Thursday, December 13, 2012

Mapping .NET IL code to Android's Dex code

The primary function of the dot42 compiler is to convert .NET byte code (IL) to Android byte code (dex). This article describes how.

Differences and similarities

First let's look at the differences and similarities between the two. IL is a stack-oriented language. This means that all operations take their operands from the stack and place their results back on the stack. Dex, in contrast, is executed by a register-based virtual machine called Dalvik. A dex operation takes operands from registers and places the result in a register. This means that a key function of the dot42 compiler is to go from a stack-based set to a register-based set.

Another difference between the two is the set of primitive types that are available. Most match exactly (bool, char, short, int, long, float and double), but there is a problem with bytes. IL has support for signed and unsigned bytes, while dex only has signed bytes. Similarly, dex has no support for unsigned 32-bit and 64-bit integers. The conversion between signed and unsigned bytes is explained later.

Furthermore, there are differences related to generics and structs. These will be the topics of future blog articles.

Stack to registers

The first conversion that takes place in the dot42 compiler is going from from stack-based single instruction to stack-based expressions. For example:

load a
load b
add
load c
add

is converted to:

add(add(load(a), load(b)), load(c))

The latter expression is much easier to alter and optimize towards the dex register-based operations.

RL - Register Language

From this expression-based format, a second conversion takes place to an intermediate format we call RL (for register language). It takes the expressions from the first conversion and converts them towards register-based instructions that are similar to dex instructions, but have a few important differences.

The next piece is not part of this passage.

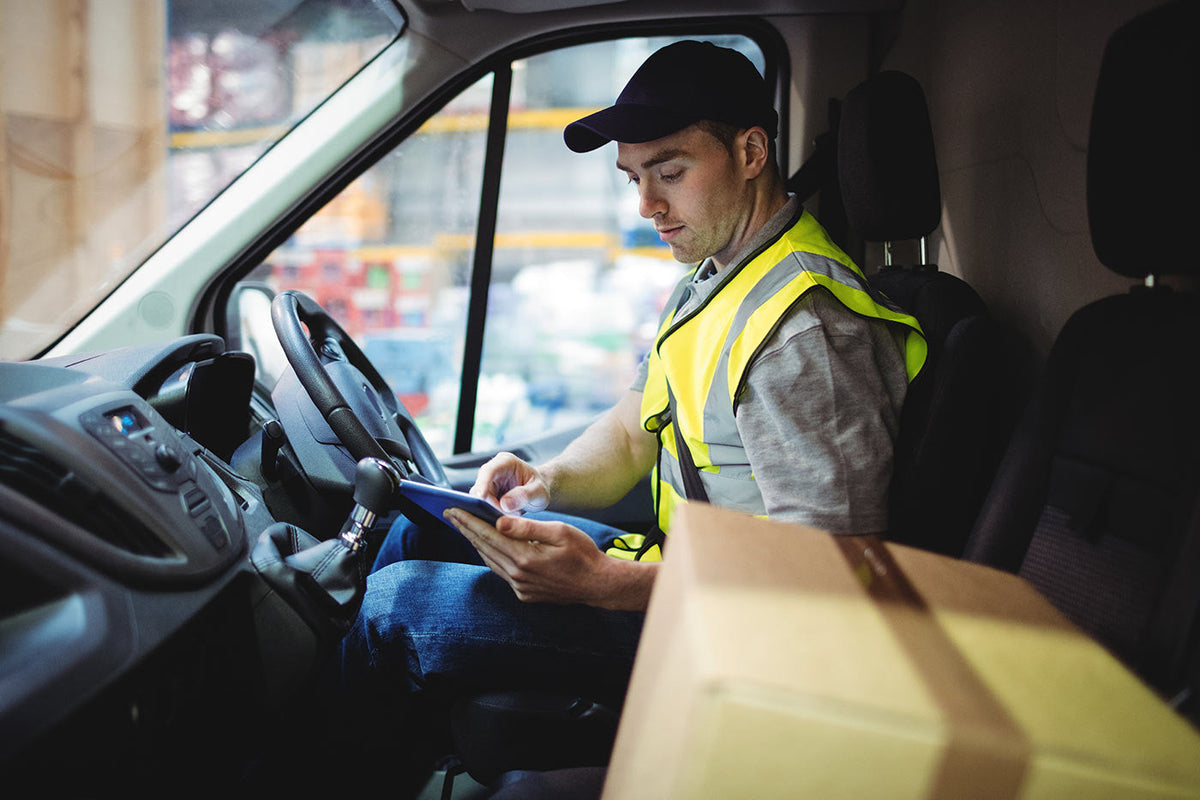 delivery drive with a parcel on the front seat of his van, checking his delivery app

The first difference is that RL only has 1 variation of each instructions. For example there is only 1 "const" instruction, where Dex has "const/4", "const/16", "const" and "const/high16". All of which are variations for the size of the constant and the number of bits used by the destination register. Simplifying instructions like this makes them much easier to optimize and work with.

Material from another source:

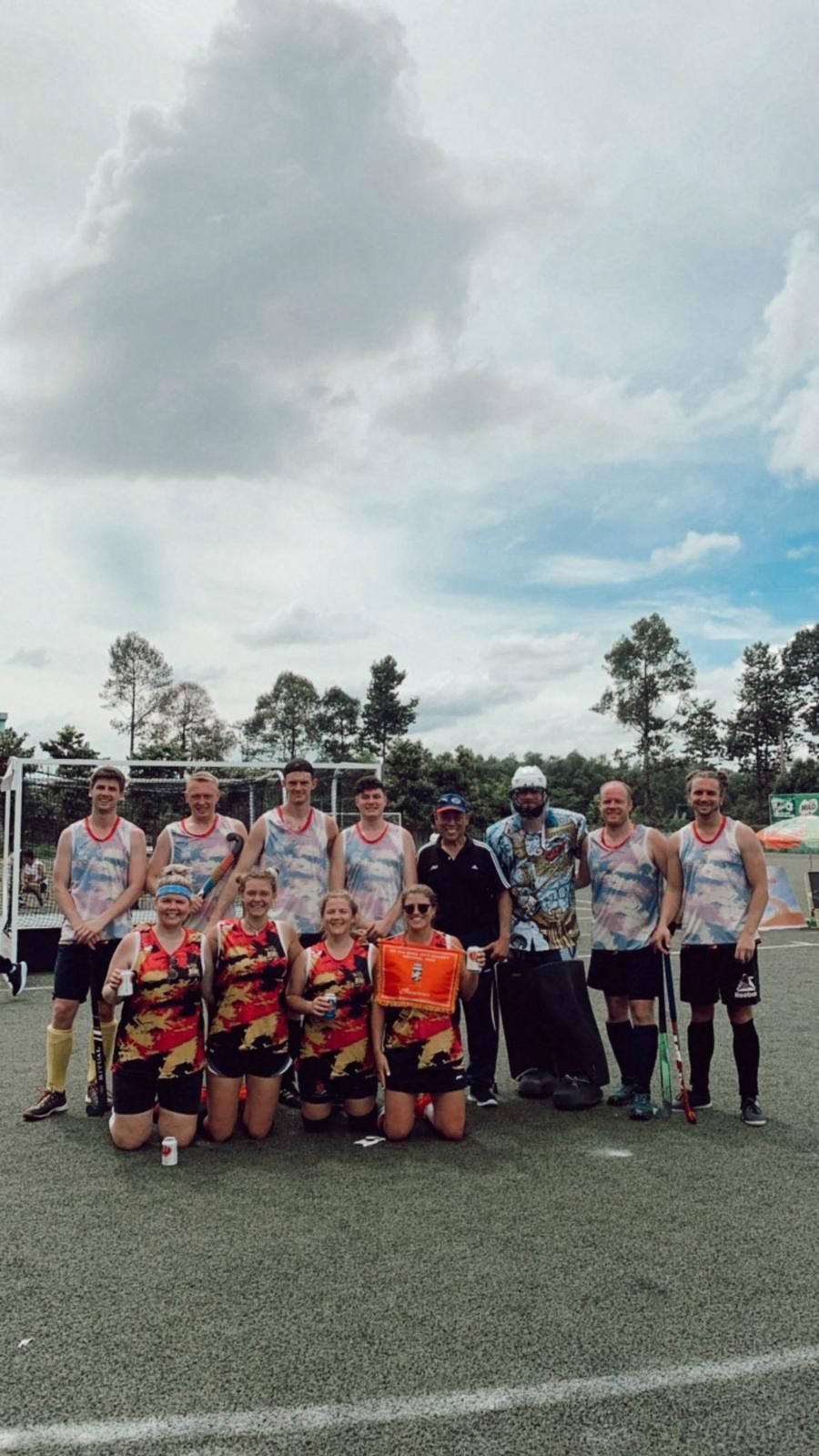 A group of people are posing for a picture on a field.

The second difference between RL and dex is that RL starts in single-assignment mode. That means that each register is assigned a value only once.

Each stack-based expression is now converted to RL using an approach like this:

  1. Convert all operands to RL and save the registers that hold their resulting value
  2. Allocate an RL register for the result
  3. Emit the RL instruction (with operand registers from step 1 and result register from step 2)
  4. Return the result register allocated in step 2.

Optimize RL

Once all stack-based expressions are converted to RL, we have code that is fully register-based. Now we can optimize this code and convert it to dex.

The first optimization that takes place is to share constants. An expression like add(1, 1) has resulted in two "const" instructions, each with a value of "1", but a different destination register. If both registers are never modified, we can safely share them and remove the unused "const" instruction.

A second optimization is to share registers as much as possible. For this purpose, instructions are divided into basic blocks. We then calculate the range of instructions in which a register is used. If that range does not overlap with a range of another register, we can use the same register in both ranges. In reality this is a bit more complex because you also have to deal with register pairs: in dex, long and double operands use two adjacent registers, called a register pair.

Furthermore, we perform various optimizations like nop removal and branch optimization. These are not discussed here.

From RL to Dex

Finally, it is time to convert the code to dex. Since RL is very close to dex and we already share registers as much as possible, the basic conversion is trivial.

The main problem we have to solve now, is that not all instructions take all registers as their operands. For example, all "invoke-x" instructions take only registers that fit in 4 bits. For that we apply register spilling. If an operand of an instruction does not fit within the limits of that instruction, we copy the register to a "low register", execute the instruction and then copy it back to the original register (when needed) afterwards.

Finally it is time to consider the first difference between RL and dex: the various variations for many instructions. We go over all instructions and take the best variation that fits the operands.

Debug information

During the entire process described above, we maintain the debug information that is present in the original .NET assembly. In doing so, we can generate dex debug information containing accurate line number information, variable names, etc.

But also this conversion was more complex in reality. In .NET, debug information describes ranges in a source file. Each range has a start line, a start column, an end line and an end column. Dex has (start) line numbers only. This means that if there are multiple code ranges on one line (e.g. "for (var x = i; i < 10; x++)" has 3 ranges), we have to cheat a bit to make sure that all ranges get unique line numbers. As a result, the line numbers reported in an Android exception stack trace may not be 100% correct, but stepping through the code in the Visual Studio debugger works as expected.